[Start of section]
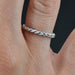 Ring 50 Alliance chiseled braid white gold 58 Facettes THREE2.0B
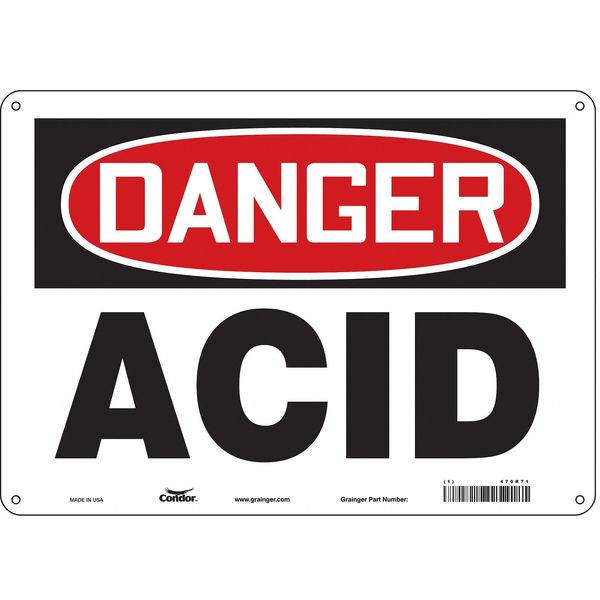Safety Sign, 10 in Height, 14 in Width, Aluminum, Horizontal Rectangle, English, 470R71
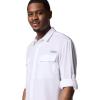 Columbia Men’s PFG Backwater Long Sleeve Shirt(White)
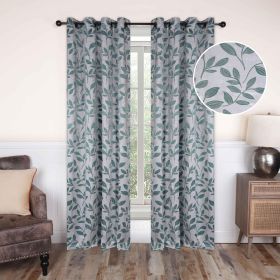 Leaves Machine Washable Room Darkening Blackout Curtains, Set of 2 (Color: Teal, size: 52" X 84")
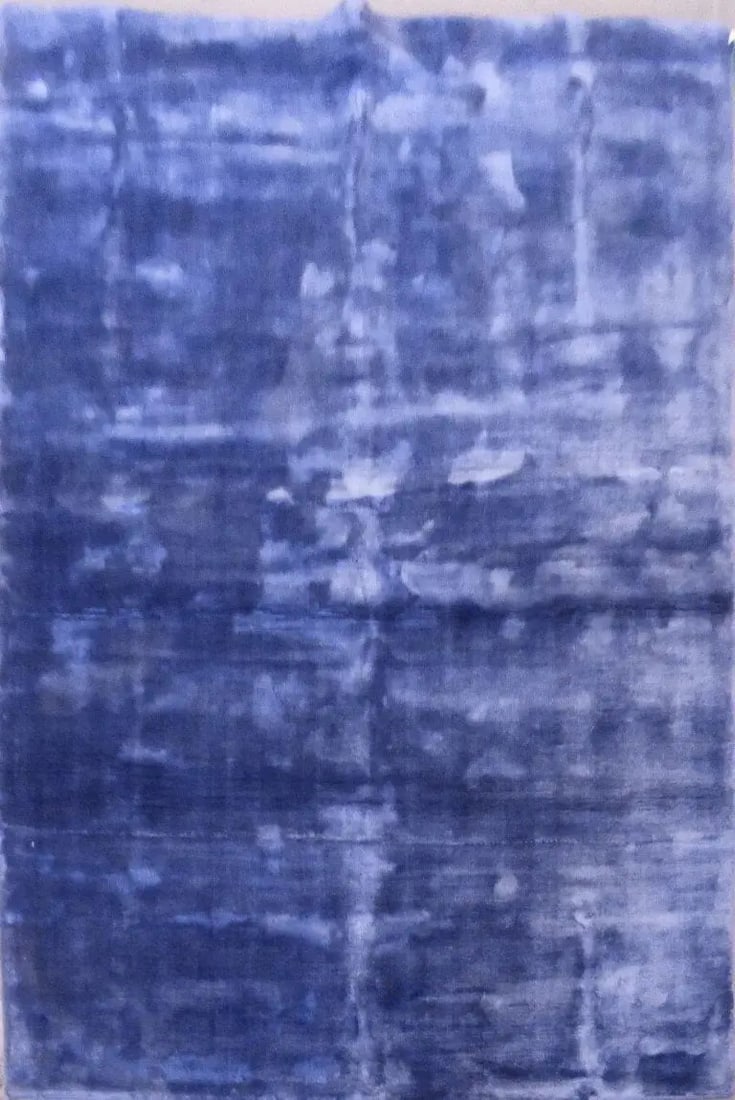 One Of The Kind Indian Modern Design Rug 4' X 6': ABC Rugs Kilims Collection Indian Modern Hand-Knotted Silk Oriental Rug 4' X 6' (Abcr13450) (Gr17520) (Blue) Hand knotted and meticulously crafted by Indian artisans, this stunning Indian Hand Knotted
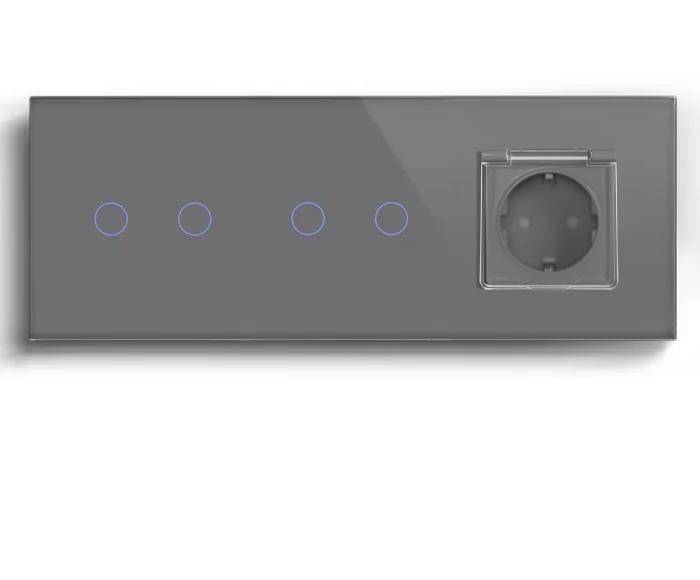 Выключатель умный LUXION сенсорный 4 сенсора 2-2 с розеткой/крышкой IP44 с заземлением/шторками стекло Серый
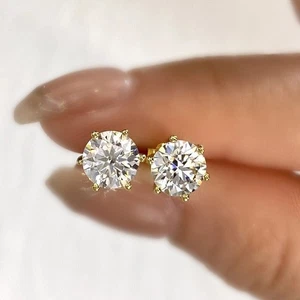 5CTW Round Cut D/VVS1 Lab Created Diamond 14k Yellow Gold Plated Stud Earrings - Picture 1 of 4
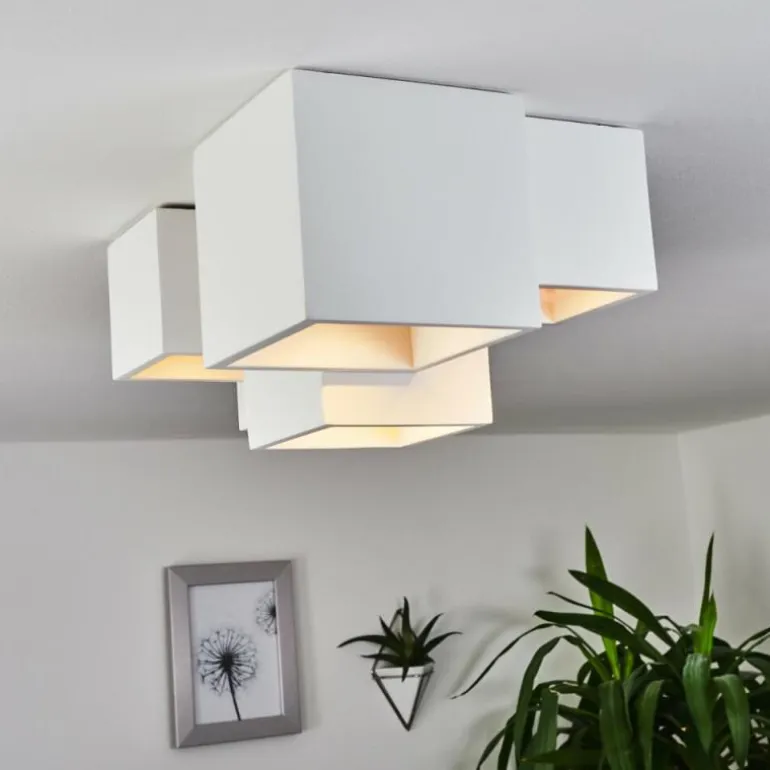 Plafonnier Hatusao Blanc, 5 lumières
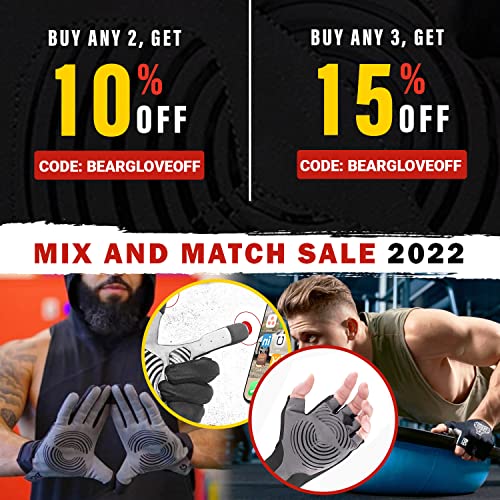 Bear Grips Weight Lifting Gloves for Men & Women | Half Finger Lifting Gloves | Full Finger Workout Gloves for Men | No Finger Exercise Gloves l Compression Weightlifting Gloves | Gym Gloves for Men - color: Black-Full Finger, size: Small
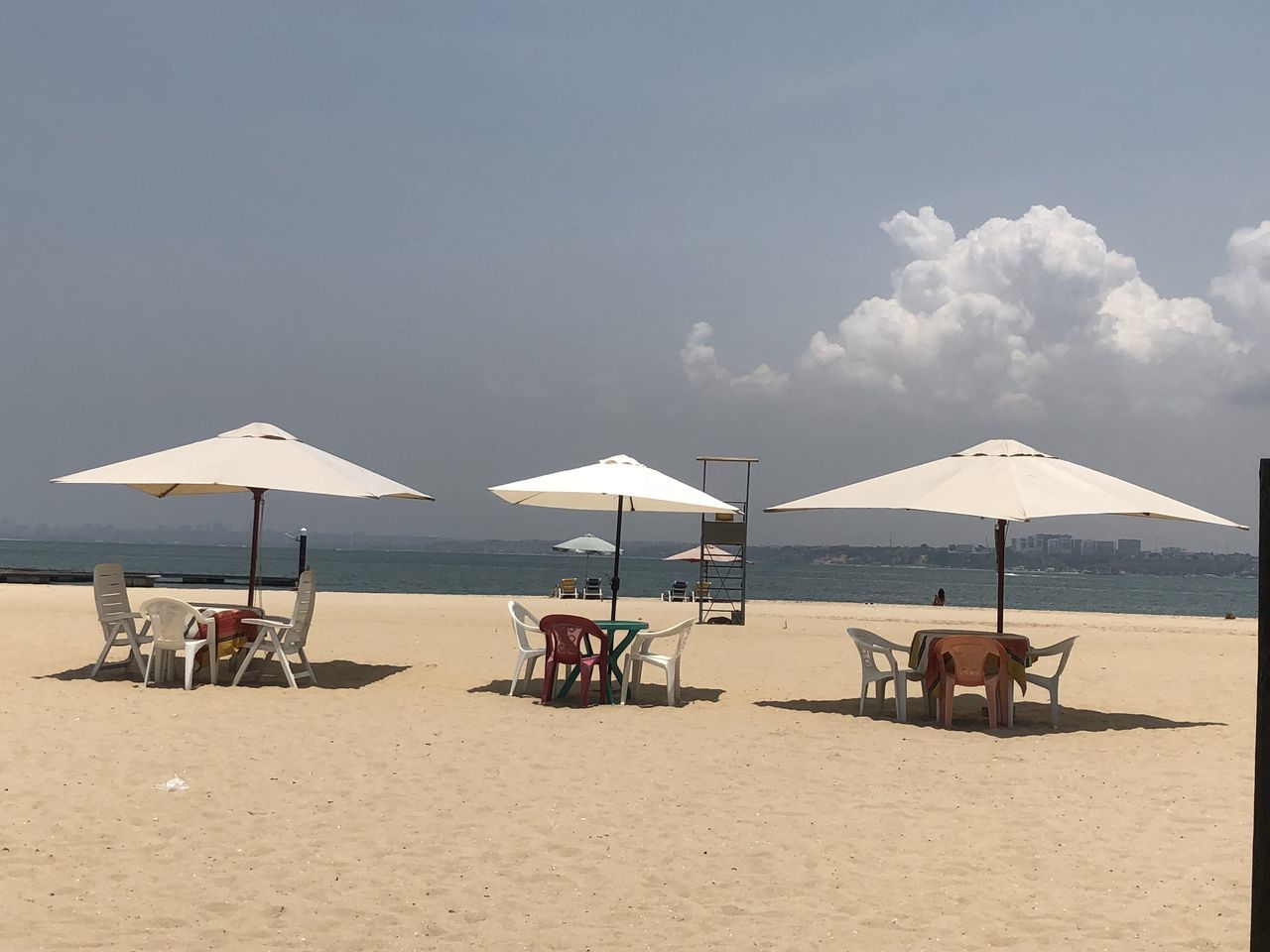 sand, beach, summer, sea, nature, outdoors, vacations, water, beauty in nature, tranquility, sky, tranquil scene, day, chair, relaxation, horizon over water, scenics, no people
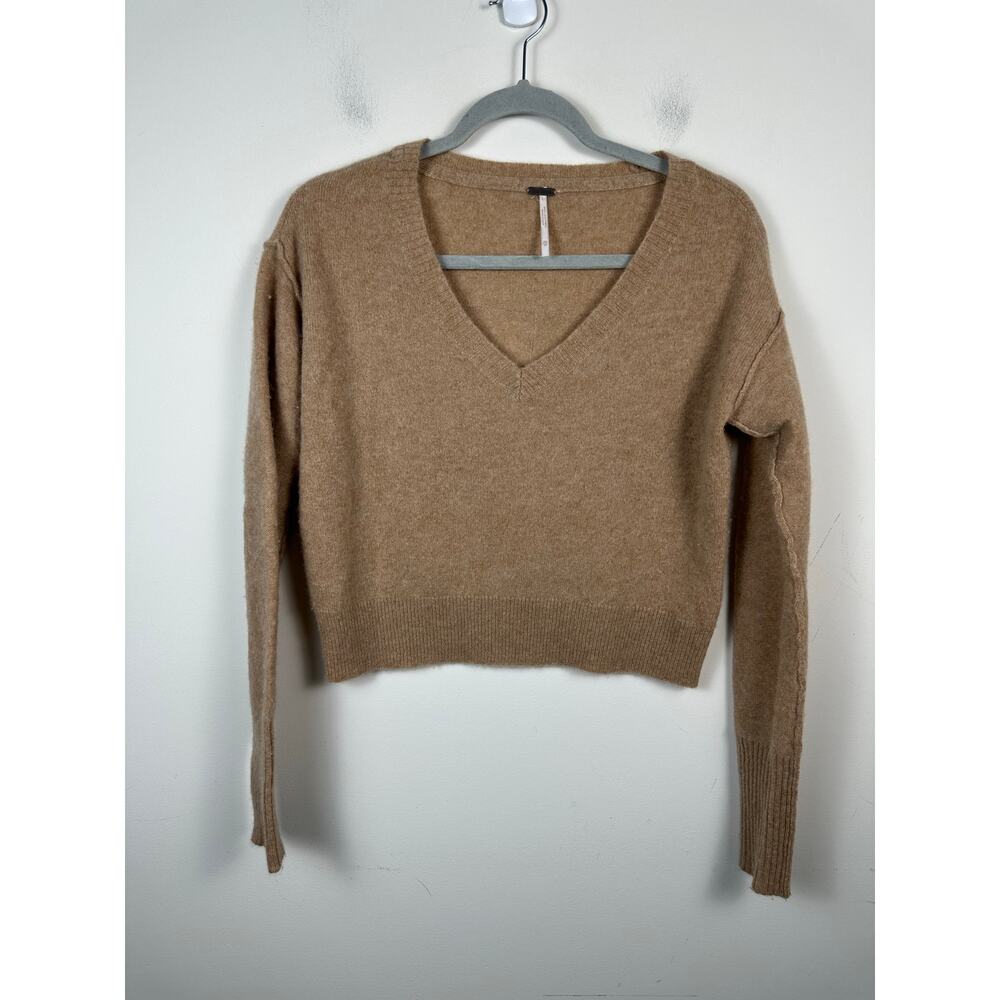 Free People Sweater Women XS Camel Cashmere Deep V-Neck Cropped Pullover 1744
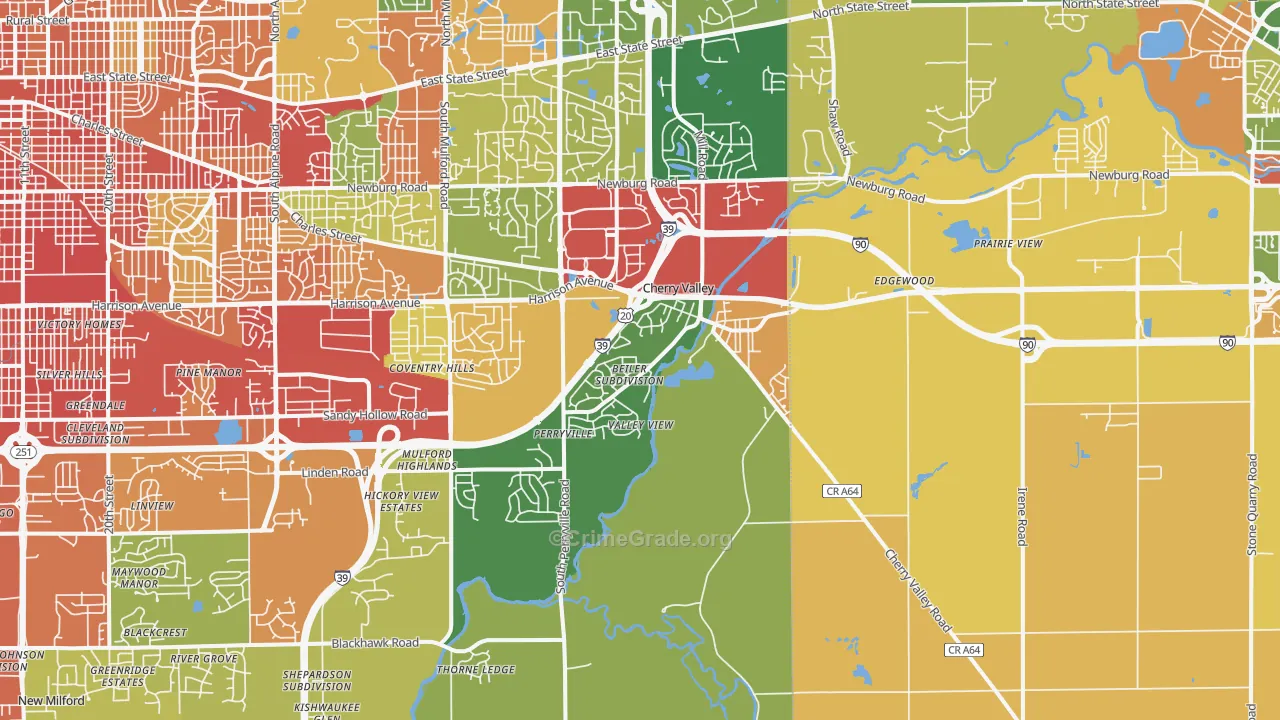 Cherry Valley, IL Map of Burglary Rates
[End of section]
**Exercise prompt:**
Give back exactly the lines from the line with "Leaves Machine Washable" through the final line of the entries above, and keep pictures out of the copy.

**Response to the task:**
 Leaves Machine Washable Room Darkening Blackout Curtains, Set of 2 (Color: Teal, size: 52" X 84")
 One Of The Kind Indian Modern Design Rug 4' X 6': ABC Rugs Kilims Collection Indian Modern Hand-Knotted Silk Oriental Rug 4' X 6' (Abcr13450) (Gr17520) (Blue) Hand knotted and meticulously crafted by Indian artisans, this stunning Indian Hand Knotted
 Выключатель умный LUXION сенсорный 4 сенсора 2-2 с розеткой/крышкой IP44 с заземлением/шторками стекло Серый
 5CTW Round Cut D/VVS1 Lab Created Diamond 14k Yellow Gold Plated Stud Earrings - Picture 1 of 4
 Plafonnier Hatusao Blanc, 5 lumières
 Bear Grips Weight Lifting Gloves for Men & Women | Half Finger Lifting Gloves | Full Finger Workout Gloves for Men | No Finger Exercise Gloves l Compression Weightlifting Gloves | Gym Gloves for Men - color: Black-Full Finger, size: Small
 sand, beach, summer, sea, nature, outdoors, vacations, water, beauty in nature, tranquility, sky, tranquil scene, day, chair, relaxation, horizon over water, scenics, no people
 Free People Sweater Women XS Camel Cashmere Deep V-Neck Cropped Pullover 1744
 Cherry Valley, IL Map of Burglary Rates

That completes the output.